_YOUR ASSIGNMENT_:
Below are records with pictures. Transcribe exactly, and only, the lines from the line with "Concrete Number Fifty" to the line with "Carte Postale Horseshoe", both ends included, but not the pictures.

======== DATA EXCERPTS

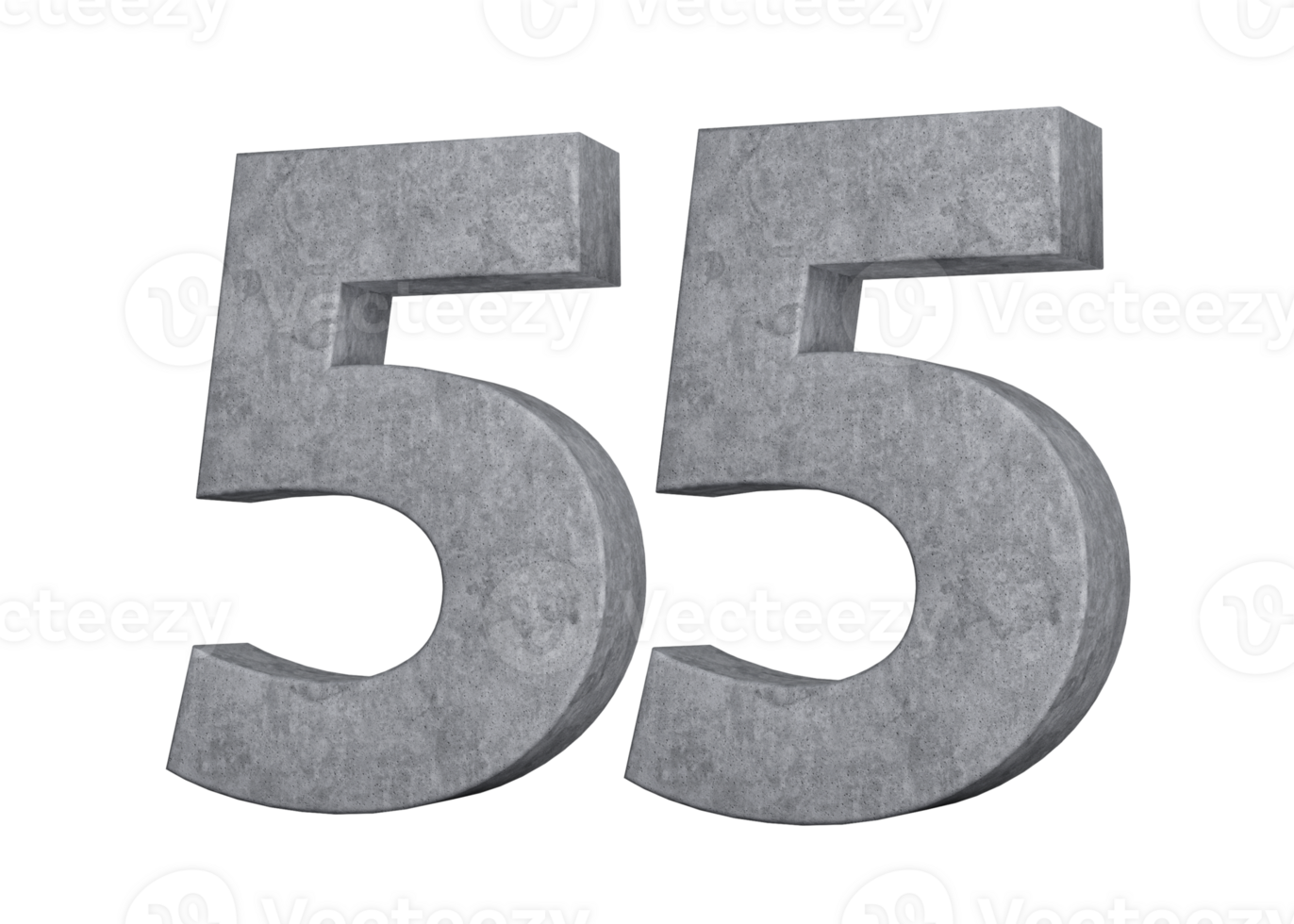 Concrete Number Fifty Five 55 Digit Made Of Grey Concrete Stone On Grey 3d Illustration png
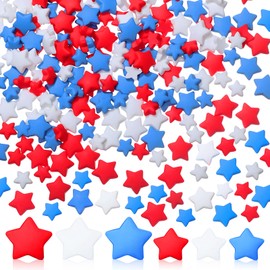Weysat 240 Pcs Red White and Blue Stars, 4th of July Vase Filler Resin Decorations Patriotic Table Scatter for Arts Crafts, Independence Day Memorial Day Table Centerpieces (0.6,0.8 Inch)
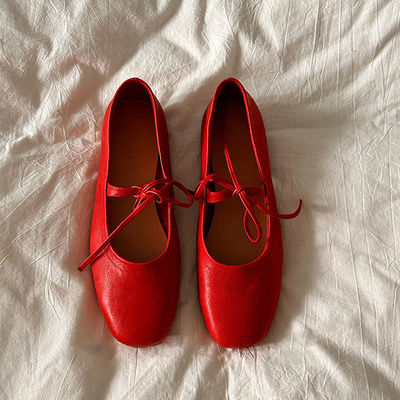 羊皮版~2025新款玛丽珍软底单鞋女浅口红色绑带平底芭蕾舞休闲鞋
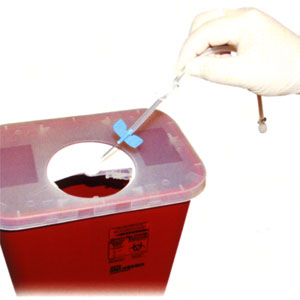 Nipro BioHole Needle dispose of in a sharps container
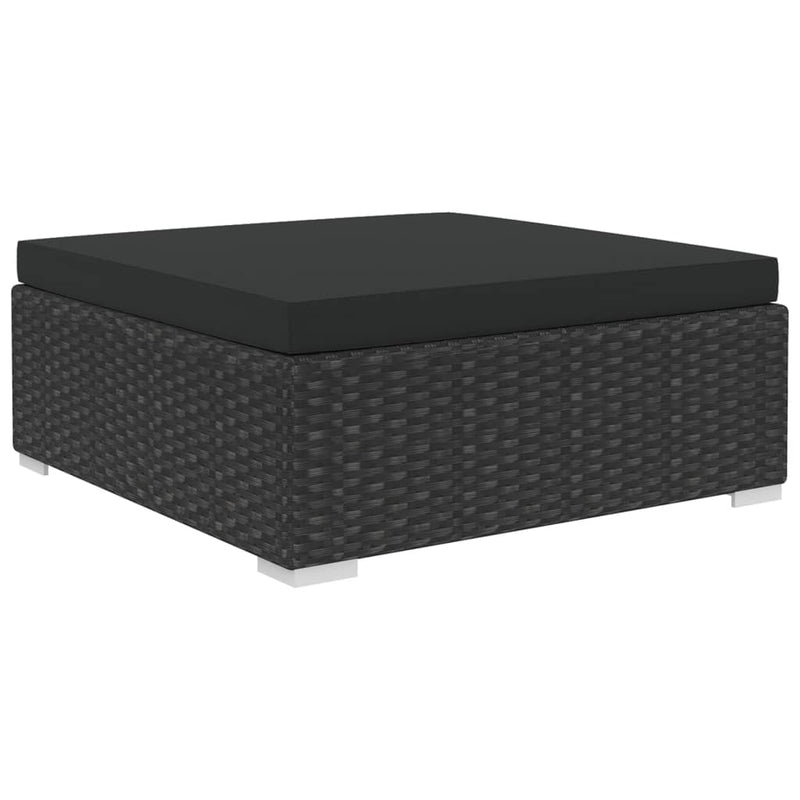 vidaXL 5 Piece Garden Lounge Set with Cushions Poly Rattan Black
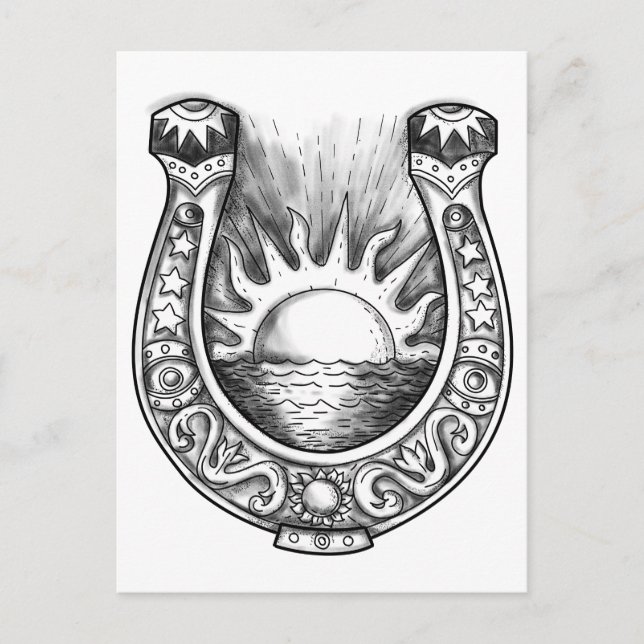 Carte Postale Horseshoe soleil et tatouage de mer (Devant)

================
======== DATA EXCERPTS

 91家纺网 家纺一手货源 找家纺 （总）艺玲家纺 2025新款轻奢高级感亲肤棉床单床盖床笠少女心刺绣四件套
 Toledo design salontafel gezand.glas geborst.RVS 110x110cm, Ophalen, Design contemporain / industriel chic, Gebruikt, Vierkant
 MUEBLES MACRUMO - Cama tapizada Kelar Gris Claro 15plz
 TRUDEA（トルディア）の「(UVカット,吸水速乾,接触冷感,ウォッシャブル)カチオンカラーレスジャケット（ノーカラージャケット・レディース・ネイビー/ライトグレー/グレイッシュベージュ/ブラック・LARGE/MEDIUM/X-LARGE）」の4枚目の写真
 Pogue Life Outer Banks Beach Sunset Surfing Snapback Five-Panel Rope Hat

================

_COMPLETED EXERCISE_:
 Concrete Number Fifty Five 55 Digit Made Of Grey Concrete Stone On Grey 3d Illustration png
Weysat 240 Pcs Red White and Blue Stars, 4th of July Vase Filler Resin Decorations Patriotic Table Scatter for Arts Crafts, Independence Day Memorial Day Table Centerpieces (0.6,0.8 Inch)
 羊皮版~2025新款玛丽珍软底单鞋女浅口红色绑带平底芭蕾舞休闲鞋
 Nipro BioHole Needle dispose of in a sharps container
 vidaXL 5 Piece Garden Lounge Set with Cushions Poly Rattan Black
 Carte Postale Horseshoe soleil et tatouage de mer (Devant)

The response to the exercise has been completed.